[Task objective]
Print exactly the lines from the one that contains "Aerial view inner" through the final line of the entries below, both included, and nothing else; omit the pictures.

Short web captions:
=-=-=
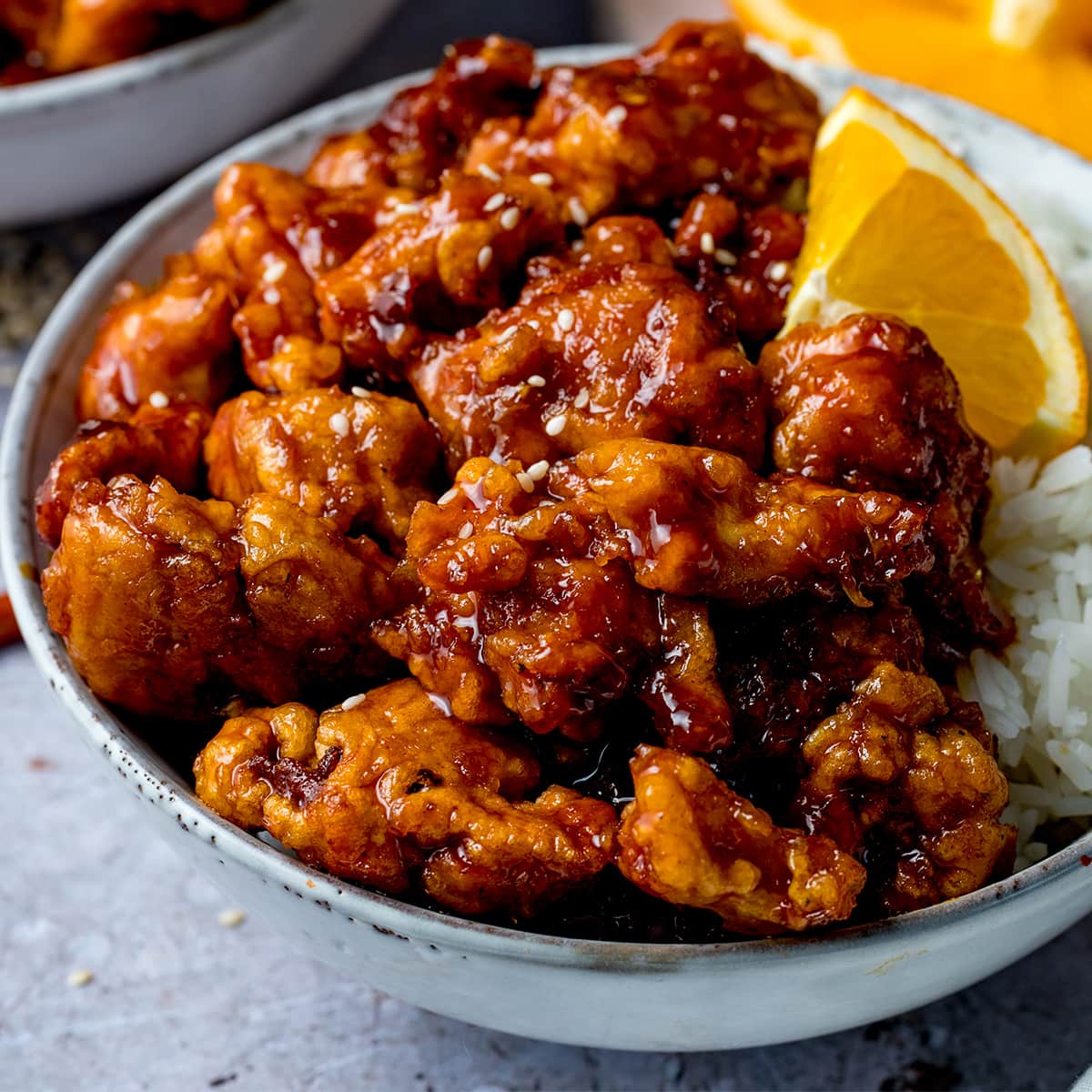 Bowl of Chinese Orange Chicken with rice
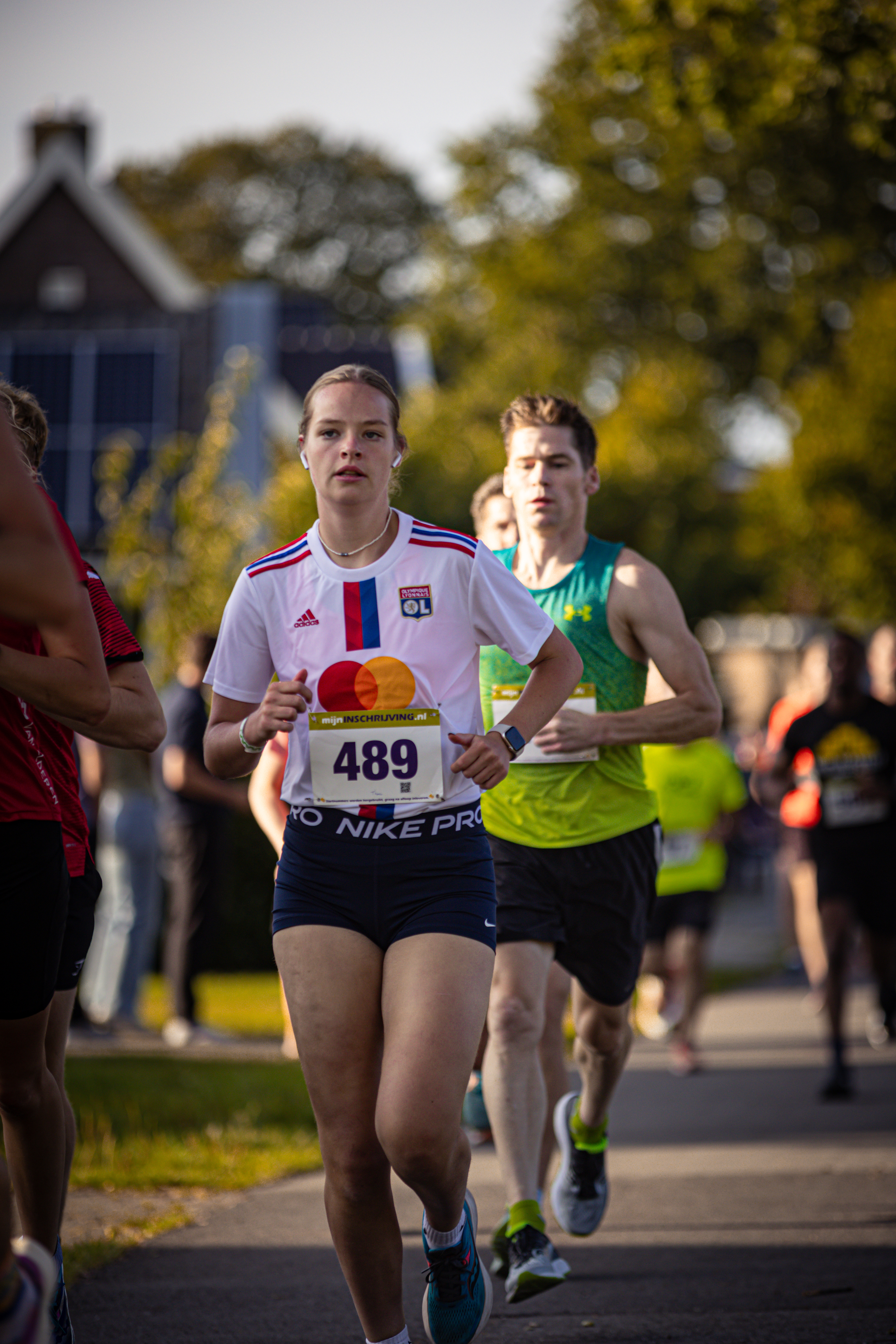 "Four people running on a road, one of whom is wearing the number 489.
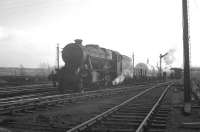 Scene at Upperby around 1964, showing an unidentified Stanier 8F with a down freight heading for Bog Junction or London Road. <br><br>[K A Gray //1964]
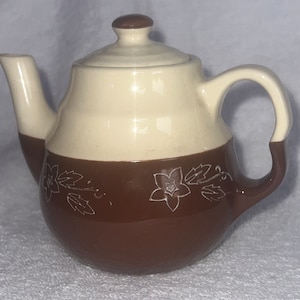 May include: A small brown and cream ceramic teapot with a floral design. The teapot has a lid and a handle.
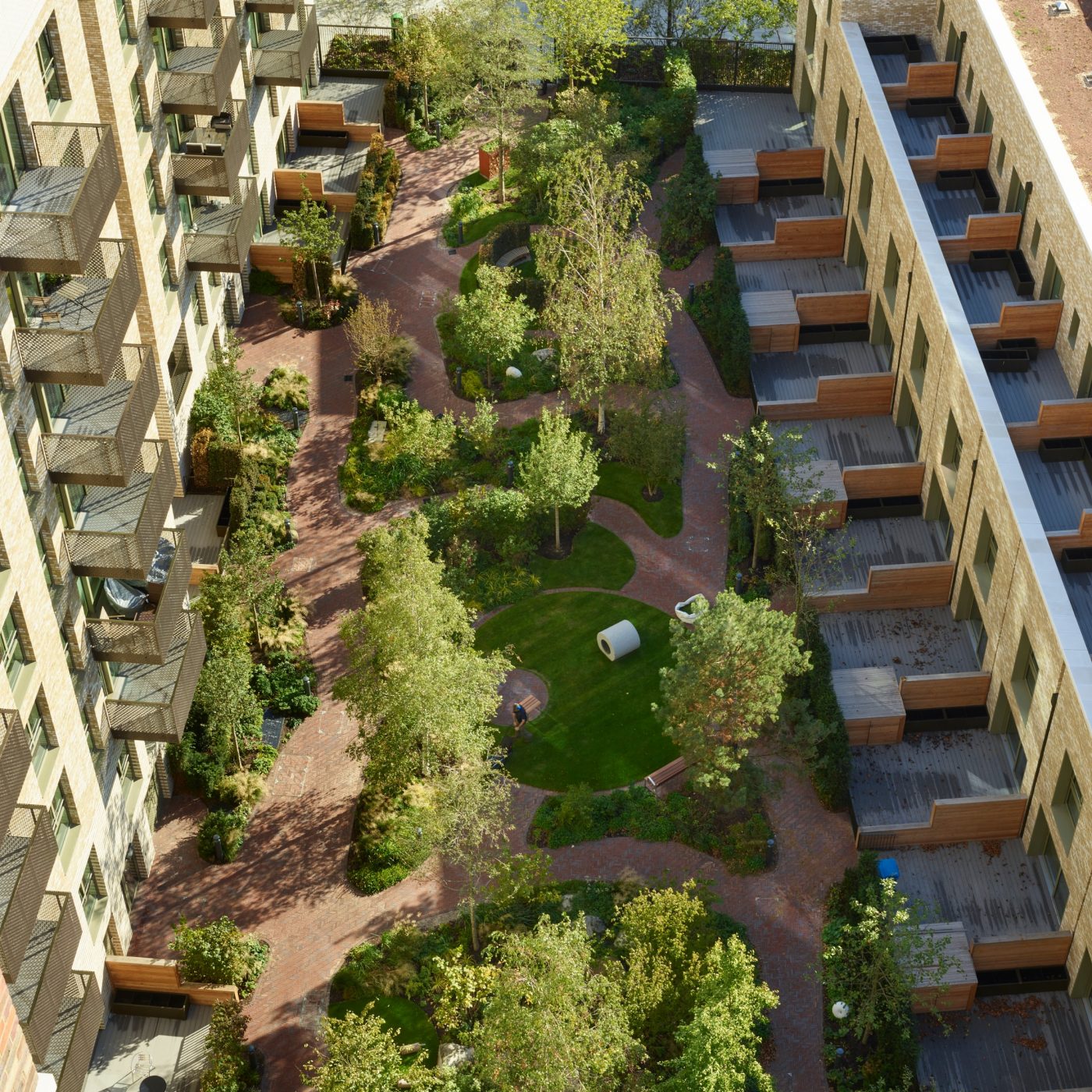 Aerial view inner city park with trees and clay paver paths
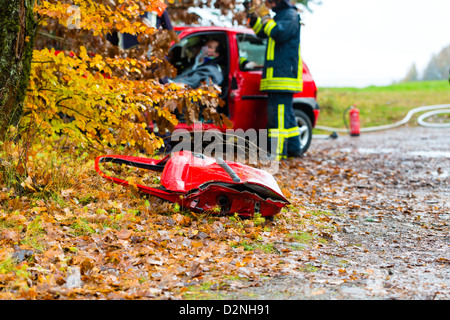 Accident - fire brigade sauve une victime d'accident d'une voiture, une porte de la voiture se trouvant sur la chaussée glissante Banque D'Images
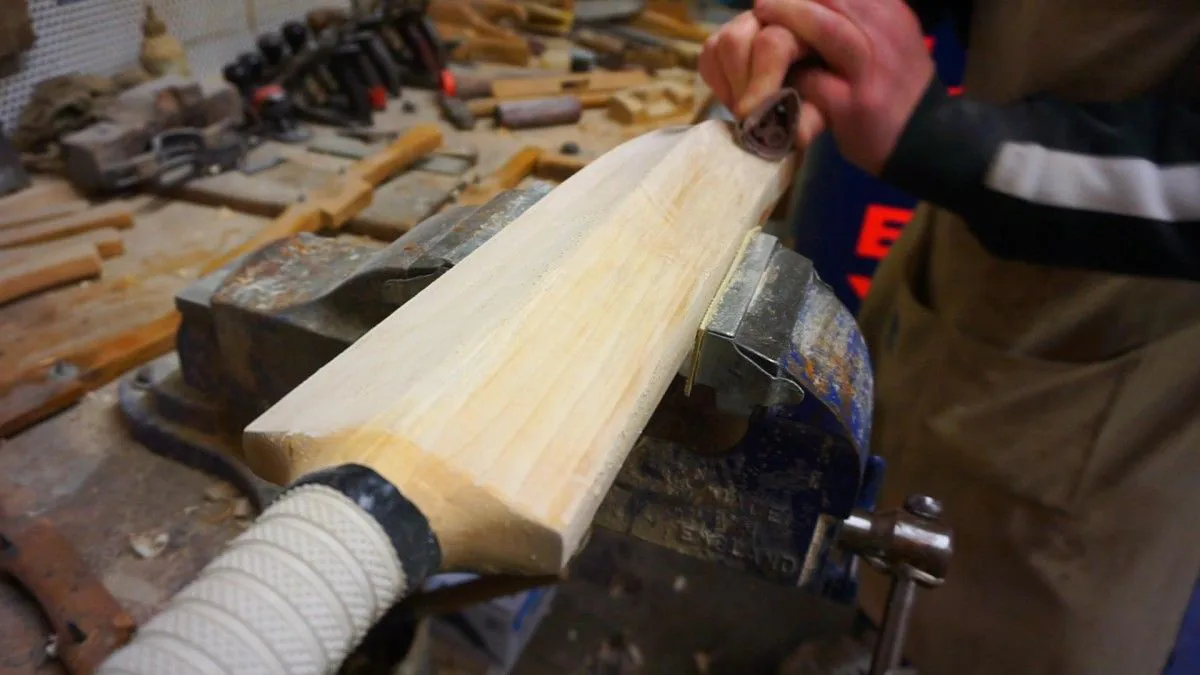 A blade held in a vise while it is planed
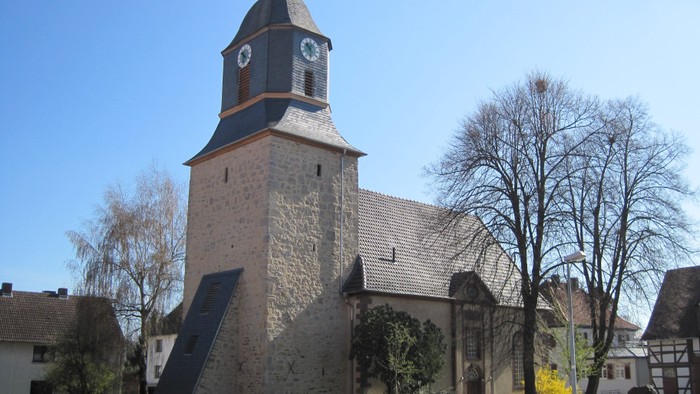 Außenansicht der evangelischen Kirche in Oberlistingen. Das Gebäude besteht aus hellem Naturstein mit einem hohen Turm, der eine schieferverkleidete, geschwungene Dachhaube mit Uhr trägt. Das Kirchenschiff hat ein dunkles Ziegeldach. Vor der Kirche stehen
=-=-=
[Answer section]
 Aerial view inner city park with trees and clay paver paths
 Accident - fire brigade sauve une victime d'accident d'une voiture, une porte de la voiture se trouvant sur la chaussée glissante Banque D'Images
 A blade held in a vise while it is planed
 Außenansicht der evangelischen Kirche in Oberlistingen. Das Gebäude besteht aus hellem Naturstein mit einem hohen Turm, der eine schieferverkleidete, geschwungene Dachhaube mit Uhr trägt. Das Kirchenschiff hat ein dunkles Ziegeldach. Vor der Kirche stehen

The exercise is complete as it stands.